■ **PROBLEM DESCRIPTION**
Below are some entries. Repeat exactly the lines from the one with "Old Quarter Hotel | L’HÔTEL du LAC Hanoi" through the one with "Amanda Crisham Onlyfans Photo Gallery", and only those.

■ **EXERCISE INPUTS**
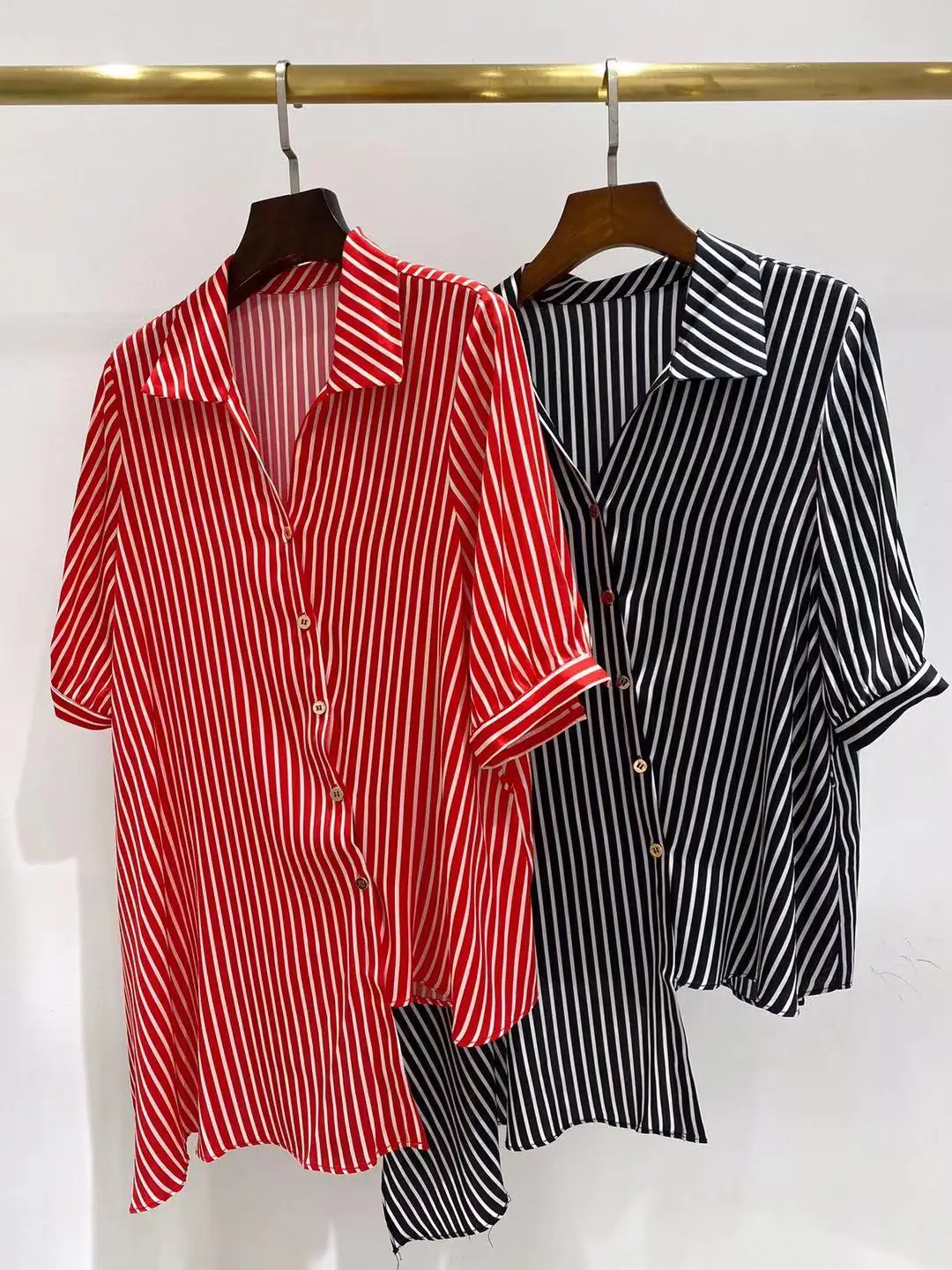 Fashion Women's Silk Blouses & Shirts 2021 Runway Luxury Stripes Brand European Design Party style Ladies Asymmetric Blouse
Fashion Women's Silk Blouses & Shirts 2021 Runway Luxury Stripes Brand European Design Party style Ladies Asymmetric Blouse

...

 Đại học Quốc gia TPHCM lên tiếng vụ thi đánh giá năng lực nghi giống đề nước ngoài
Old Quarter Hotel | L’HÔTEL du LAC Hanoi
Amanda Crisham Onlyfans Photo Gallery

==

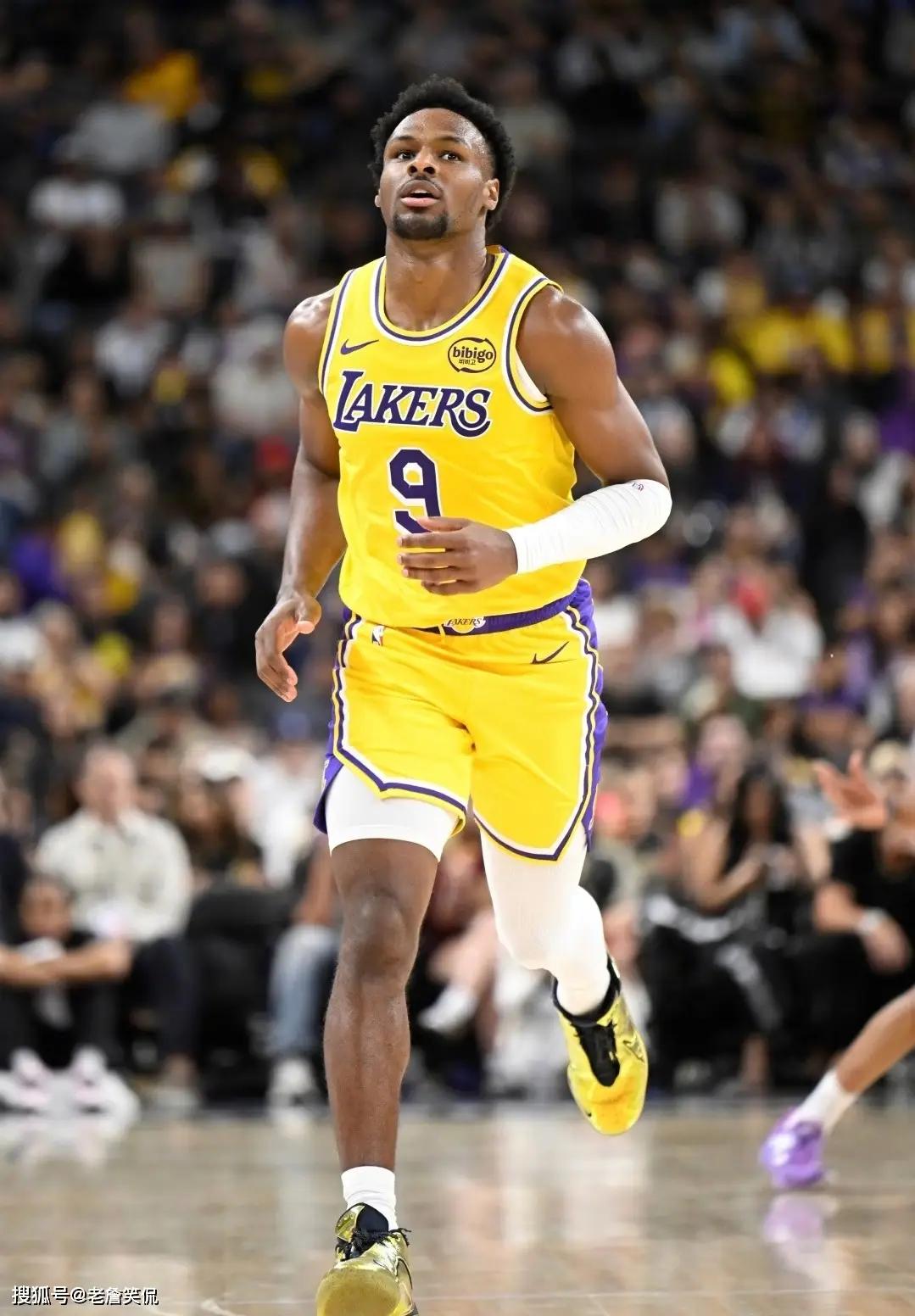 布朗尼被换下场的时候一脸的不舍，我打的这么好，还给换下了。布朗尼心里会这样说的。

■ **OUTPUT FOR THIS TASK**
Old Quarter Hotel | L’HÔTEL du LAC Hanoi
Amanda Crisham Onlyfans Photo Gallery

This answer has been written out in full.